You need six parts to do the mod. Here they are:

I did the mod "ugly" style with all leaded parts, soldering the necessary leads to the pads on the board. Here is what you do:

I suggest you read all the instructions first, to get an understanding of the mod, before proceeding with the actual work.

First, remove C-22 from the board (I used two soldering irons, quick and easy)(save it)

Cut one lead of the .01 cap so as to leave about 1/4", bend a 90 degree angle about 1/8" from the end of that lead, and solder that lead to the C-22 pad closest to Q-3 on the board. Leave the other lead long for a moment.

Cut one lead of a 100 Ohm resistor so as to leave about 1/4", bend a 90 degree angle at 1/8" from the end of the short lead, and solder that lead to the ground pad of R-14.

The idea is to have the resistor standing just about straight up, maybe leaning just a little bit towards Q-3. By the way, the ground end of R-14 is the pad right at the edge of the board.

Now, using short leads on all three parts, solder the other 100 Ohm resistor between the free lead of the first 100 Ohm resistor and the free lead of the .01 Cap.

What we are doing here is providing a coupling capacitor from the output of T-1 to the base of the Final Amp we are going to install. The two 100 Ohm resistors form a divider network so as to provide about 2 Volts RF on the base of the Final Amp. The 4 Volts or so right from the output of T-1 is way too much drive for the Final Amp and output network we are using, and if we drove it with that much RF, it would overheat and probably self destruct in a short while.

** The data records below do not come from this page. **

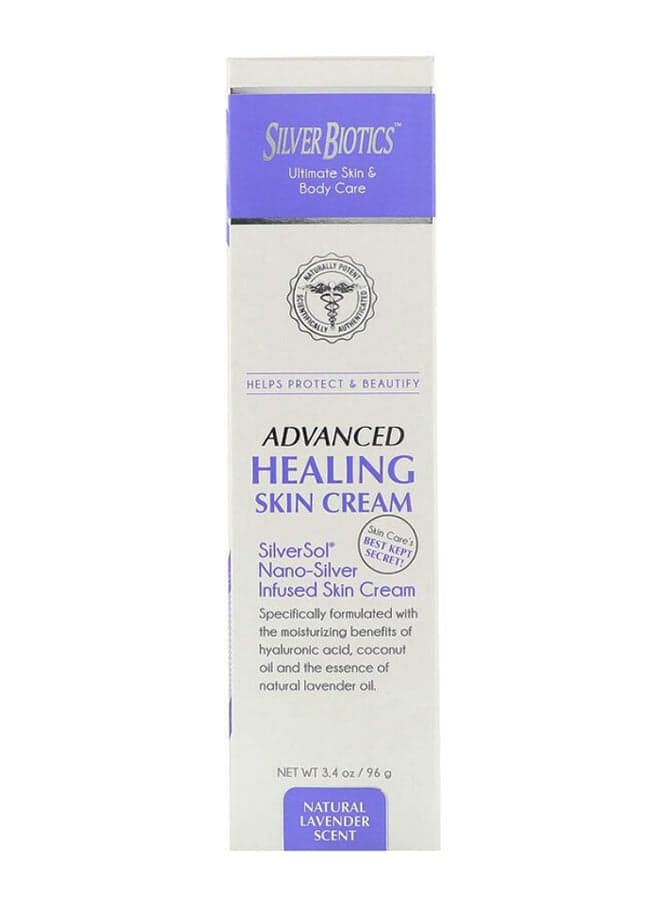 Natural Lavender Scent Advanced Healing Skin Cream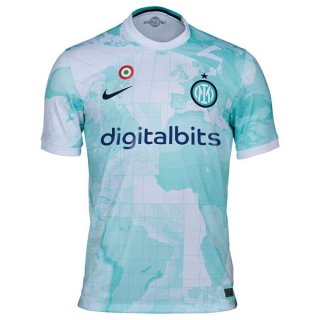 Thailande Maillot De Foot Inter Milan Exterieur 2022-2023 Pas Cher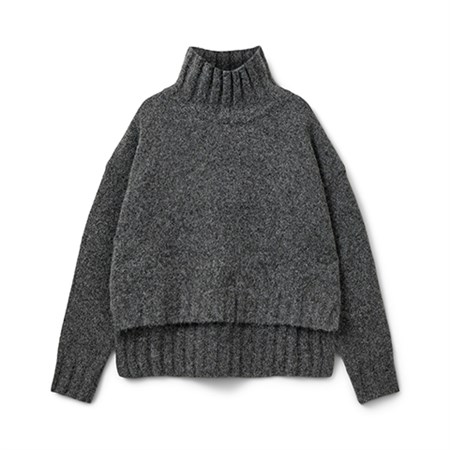 Sofie Schnoor Young - Lianesy Knit, Grey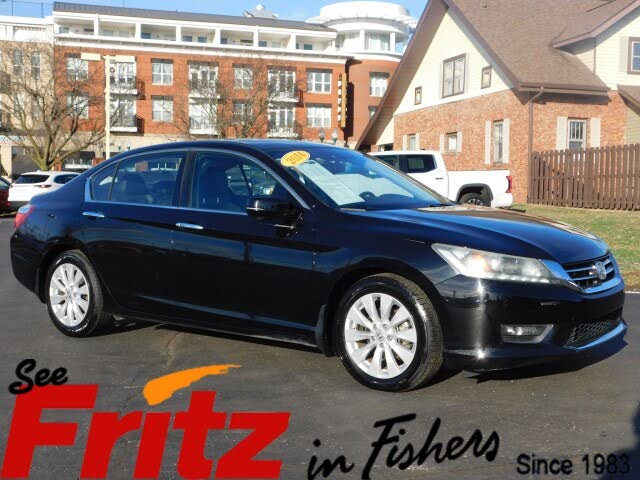 2014 Honda Accord EX-L V6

So, at this point you should have a .01 from the C-22 pad closest to Q-3 to a 100 Ohm resistor, which is connected to another 100 Ohm resistor, which is connected to ground.

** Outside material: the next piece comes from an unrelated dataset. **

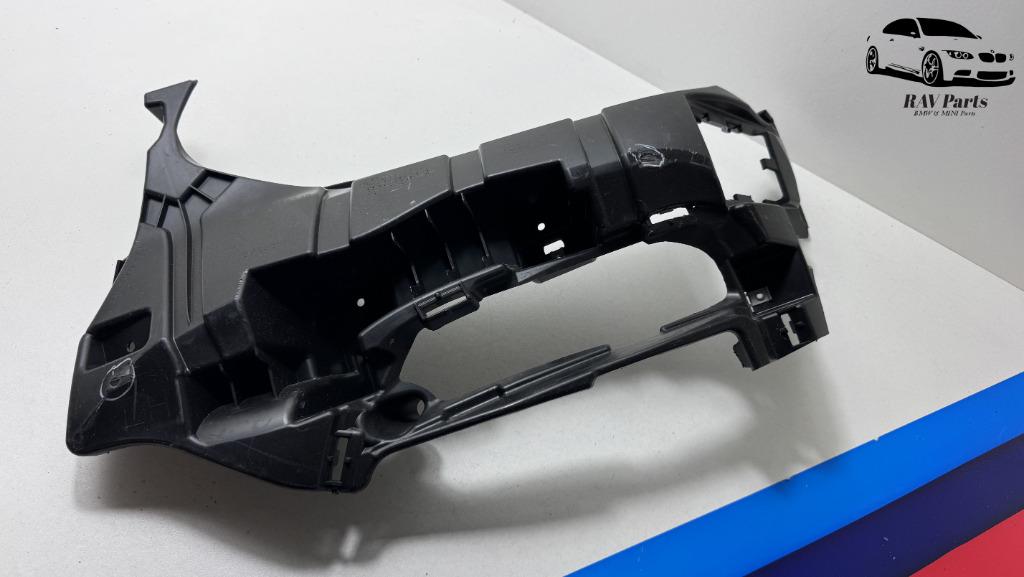 Emplacement d'installation du pare-chocs avant gauche BMW X3, Autos : Pièces & Accessoires, Gauche, Utilisé, BMW, Enlèvement ou Envoi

Cut the Base lead of your RF transistor to about 1/2", and solder it to the junction of the two 100 Ohm resistors.

Cut the Emitter lead of your RF transistor to about 3/8", and solder it to the ground pad of R-13. Again, the ground pad is the end right on the edge of the board.

Wind 5 turns of #28 (you could use small insulated wire for this if you don't like scraping the ends of magnet wire) on the FT37-43 core.

(This is meant to be about a 10 uh RF Choke. If you don't have an FT37-43, you could use any combination of core and number of turns that gives you roughly that figure. Suggestions are: 35 turns # 22 on T68-2, or 43 turns # 28 on T50-2, to name two.)(or, use a 10 uh RF choke)

The RF choke for the new final amp sits right above R-15 and R-19 on the board. It should be oriented so that the toroid is at a 90 degree angle from T-1 in order to minimize coupling between the two. The two leads from the RF choke should be about 3/4" long.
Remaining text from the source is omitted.